Is the 85% independently verified?

Accepted Answer

Not yet. It's self-reported on our internal benchmark suite, with the full methodology published here so it can be reproduced and challenged. An independent, public benchmark is in progress — and because you own the generated Playwright code, you can reproduce the result on your own apps.

Question 2

85% of what, exactly?

Accepted Answer

Our valid-test rate: of the tests generated from a URL, the share that are correct and meaningful — they pass for the right reason and assert something real. It is not a count of how many tests were created.

Question 3

How do you stop the number from being gamed?

Accepted Answer

Two ways. Trivial "page loaded" assertions don't count toward valid tests, and a genuine app bug is quarantined and flagged rather than rewritten to pass — so hiding a defect would lower our bug-recall number, not raise our pass rate.

Question 4

What happens to the other 15%?

Accepted Answer

Tests that don't prove out are dropped rather than shipped, and ones flagged as false-positives or low-confidence are surfaced for review.

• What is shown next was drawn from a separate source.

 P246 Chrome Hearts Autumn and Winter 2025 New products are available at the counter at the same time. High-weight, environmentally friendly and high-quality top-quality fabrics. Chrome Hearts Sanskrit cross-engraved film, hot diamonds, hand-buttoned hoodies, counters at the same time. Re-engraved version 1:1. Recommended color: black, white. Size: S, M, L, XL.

You always get native code you can edit, so nothing is hidden.

Question 5

Will accuracy hold on my app?

Accepted Answer

It depends on your app — complex or unusual flows are harder than standard ones. The honest answer is to try it: it's free during launch, and you own and can read every test it writes, so you can measure the result directly.

Question 6

Why publish an accuracy number at all?

Accepted Answer

Most AI testing tools don't, because a number invites scrutiny. We think an accuracy figure you can hold us to — with the method in the open — is the honest way to earn trust in a category full of vague claims.